6.1.3 Placement. 6.1.3.1 Fire extinguishers shall be conspicuously located where they are readily accessible and immediately available in the event of fire.. 6.1.3.3 Visual Obstructions 6.1.3.3.1 Fire extinguishers shall be installed in locations where they are visible except as permitted by 6.1.3.3.2.
Tag No.: K0923
Based on observation and interviews, the hospital failed to ensure oxygen cylinders with an aggregate volume of greater than 300 cubic feet, were stored in accordance with NFPA 99 Chapter 11. Improperly stored and protected oxygen cylinders increased the risk of physical trauma due to damaged regulators, injury from rapid fire growth in an oxygen enriched environment, and entrapment due to fire spread to egress corridor.
Findings include:
On 3/22/21 at 2:00 PM, three H-size oxygen cylinders with double regulators (provide oxygen to two patients at once) attached to each cylinder were observed in a second-floor room on the Multi-Service Unit (MSU). Each H-cylinder stood on the floor in a collar-type base. The room, labeled discharge, had a sliding glass door that opened directly onto the main egress corridor. The discharge room was unoccupied with no staff in the area and the door was wide open. When inspected, the oxygen cylinders rocked slightly side-to-side when the regulators were handled.
Observation on 3/22/21 at 2:45 PM found the discharge room was still open and unoccupied. The three H-cylinders remained. Charge Nurse (Staff 78) passed by then returned to assist surveyor. Staff 78 said two of the oxygen tanks were getting low and she planned to call for replacements. Staff 78 confirmed the room was the discharge lounge where discharged patients waited for rides home. Staff 78 said oxygen was administered to patients while they waited for a ride home, and added the room was rarely used.
On 3/23/21 at 2:45 PM when asked about the oxygen cylinders in the discharge lounge, Facilities Maintenance Director (Staff 79) and Staff 35 denied knowledge of the H-cylinders and accompanied to observe. Staff 79 confirmed the oxygen cylinders were H size and the aggregate volume of oxygen was 750 cubic feet (250 cubic feet per H cylinder). Staff 19 said the oxygen cylinders were not secure in the stands, the room was not rated for oxygen storage, and the egress corridor could be impacted in the event of fire.
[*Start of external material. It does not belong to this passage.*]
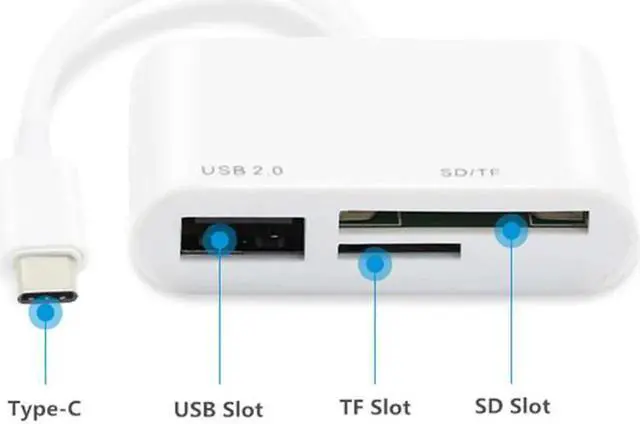 Alt view image 2 of 4 - Port type-c 3 en 1 USB lecteur de carte adaptateur Type C câble SD Micro SD TF caméra connexion pour téléphone portable, avec emballage de vente au détail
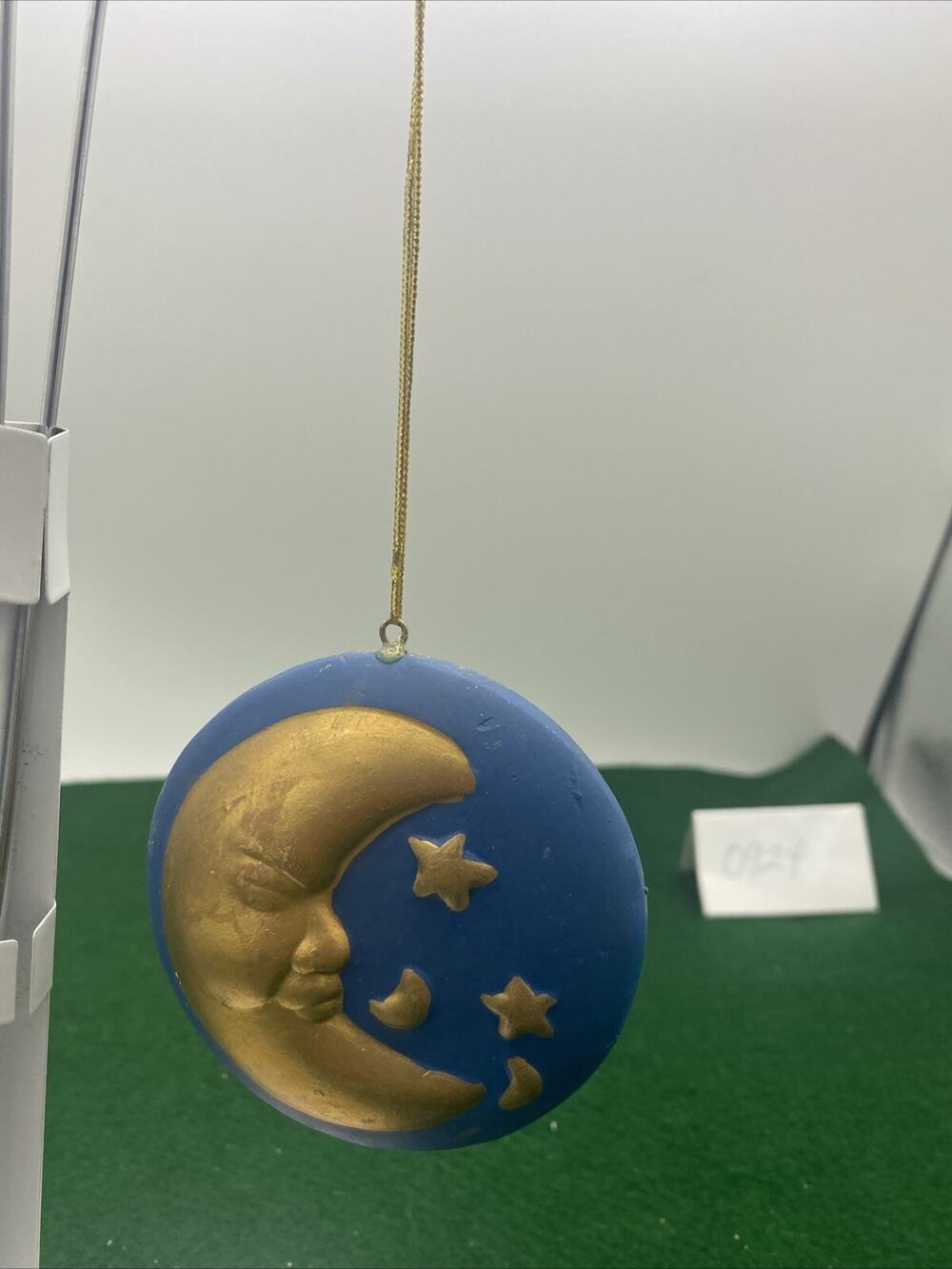 Handmade Molded Porcelain Crescent Moon/Stars Christmas Ornament 3”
Staff 79 and Staff 35 said oxygen concentrators or E-size oxygen cylinders should be used in this area and should be secured when not in use. Staff 79 called for staff to remove the H- cylinders immediately.
On 3/24/21 during observations from 10:00 AM to 11:30 AM the oxygen H-cylinders remained in the discharge lounge as described above. Staff 79 said he would again direct staff to remove the oxygen cylinders.